21. In my view, the expression 'notwithstanding anything contained in the Act' properly construed does not exclude the operation of Section 26(1) of the said Act 1973 in respect of an insured co-operative bank, even if it be assumed that in this case the cooperative bank is an insured cooperative bank. Section 140 is an additional or supplemental provision directing the State Registrar to dissolve the managing committee of an insured bank if so required by the Reserve Bank. It does not take away or exclude the general powers of the Registrar or the State Government to dissolve the managing committee of any co-operative society under Section 26(1) of the Act. If the Legislature thought that the aforesaid two sets of provisions would be conflicting in their operation in relation to an insured co-operative bank or intended to supersede Section 26(1) in the case of an insured bank, the non obstante clause would have been worded differently and the wording would have been 'notwithstanding anything to the contrary contained in this Act'. In this case the non obstante clause in Section 140 does not limit the ambit and scope of the operative part of Section 26(1). The two sets of provisions operate in the case of an insured co-operative bank in two different sets of contingencies contemplated therein. Moreover, it is a basic rule of interpretation that if it is possible to avoid a conflict between two provisions on a proper construction thereof, then it is the duty of the Court to so construe them that they are in harmony with each other. The statute must be read as a whole and every provision in the statute must be construed with reference to the context and other clauses in the statute so as to make a consistent enactment of the whole statute as far as possible. Mr. Chatterjee has also contended that the co-operative bank in this case does not come within the definition of 'insured cooperative bank' within the meaning of Clause (i) of Section 2 of the Deposit Insurance Act 1961 read with Clause 'gg' thereof. But it is not necessary to deal with that question as I hold that Section 140(1)(c) is an additional provision for dissolution of managing committee of an insured co-operative bank, even assuming that the co-operative bank in this case comes within that category and it does not control or exclude the operation of Section 26(1) of the State Act 1973.

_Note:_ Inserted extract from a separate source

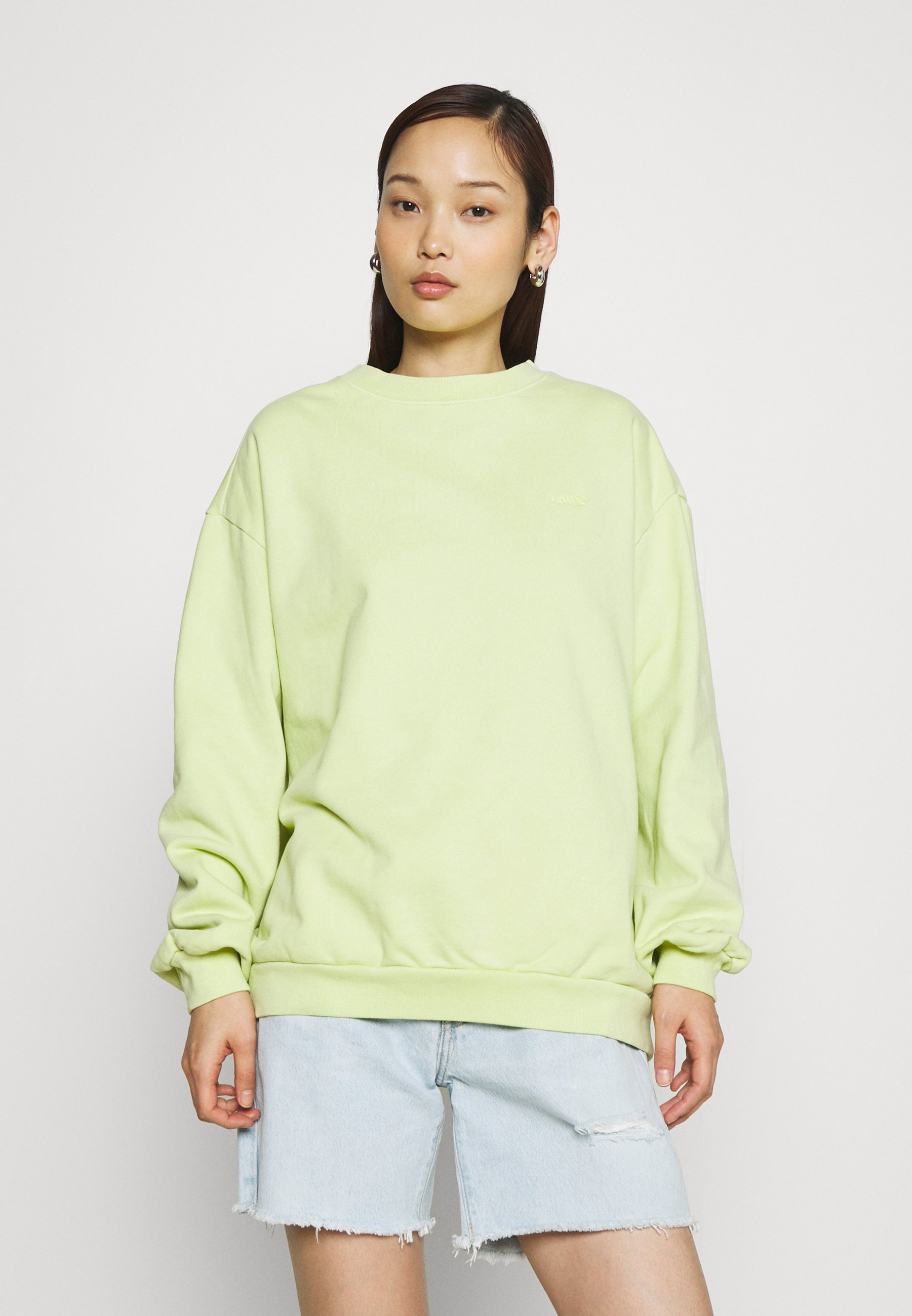 Women MELROSE SLOUCHY CREW - Sweatshirt Women MELROSE SLOUCHY CREW - Sweatshirt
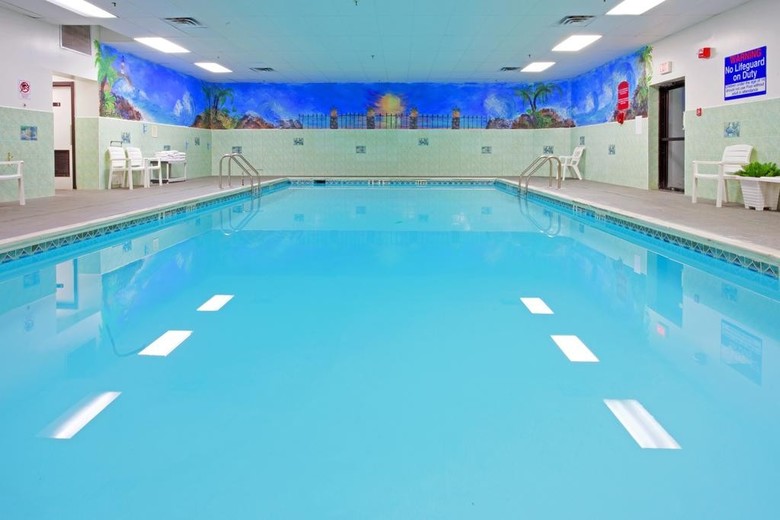 Hotel Holiday Inn Express Stony Brook-long Island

22. No other point has been raised at the hearing in support of the writ petition.
23. In the result, I find that the writ petition has no merit and must fail. The Rule is discharged. The interim order made in this Rule is vacated. There will be no order as to costs.
24. On the oral submission made on behalf of the petitioners, the operation of the order is stayed for three weeks from today although the prayer is opposed on behalf of the respondents 3 to 5.